## [PROBLEM TO WORK ON]
From the listing below, retype exactly the line holding "Natural Inspirations Eucalyptus", the line holding "પાડો વેચવાનો છે", and the lines between them; skip everything else.
┄┄┄┄┄┄
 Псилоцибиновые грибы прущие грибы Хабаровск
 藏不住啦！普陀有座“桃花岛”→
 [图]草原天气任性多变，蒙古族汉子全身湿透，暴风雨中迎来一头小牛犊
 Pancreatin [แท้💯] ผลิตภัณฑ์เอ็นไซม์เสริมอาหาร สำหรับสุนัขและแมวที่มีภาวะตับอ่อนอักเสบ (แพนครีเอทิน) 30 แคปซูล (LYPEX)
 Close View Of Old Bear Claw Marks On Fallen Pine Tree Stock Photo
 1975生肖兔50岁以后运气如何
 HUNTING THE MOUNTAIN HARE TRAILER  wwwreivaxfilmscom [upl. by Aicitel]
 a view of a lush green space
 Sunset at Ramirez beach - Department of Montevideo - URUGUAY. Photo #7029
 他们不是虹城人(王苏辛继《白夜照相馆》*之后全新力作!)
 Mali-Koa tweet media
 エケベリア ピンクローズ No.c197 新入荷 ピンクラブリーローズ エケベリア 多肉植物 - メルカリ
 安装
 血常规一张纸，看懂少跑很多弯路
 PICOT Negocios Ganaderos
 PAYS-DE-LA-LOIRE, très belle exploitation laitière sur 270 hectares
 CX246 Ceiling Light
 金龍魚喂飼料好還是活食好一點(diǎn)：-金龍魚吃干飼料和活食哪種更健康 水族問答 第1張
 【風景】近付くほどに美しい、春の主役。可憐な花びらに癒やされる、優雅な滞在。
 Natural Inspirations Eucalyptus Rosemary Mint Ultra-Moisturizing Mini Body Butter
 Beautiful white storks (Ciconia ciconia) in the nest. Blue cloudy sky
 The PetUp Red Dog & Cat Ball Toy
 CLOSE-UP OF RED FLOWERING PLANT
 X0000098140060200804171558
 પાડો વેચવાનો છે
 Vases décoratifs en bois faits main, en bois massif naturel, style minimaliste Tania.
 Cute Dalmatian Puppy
┄┄┄┄┄┄
## [COMPLETED TASK]
 Natural Inspirations Eucalyptus Rosemary Mint Ultra-Moisturizing Mini Body Butter
 Beautiful white storks (Ciconia ciconia) in the nest. Blue cloudy sky
 The PetUp Red Dog & Cat Ball Toy
 CLOSE-UP OF RED FLOWERING PLANT
 X0000098140060200804171558
 પાડો વેચવાનો છે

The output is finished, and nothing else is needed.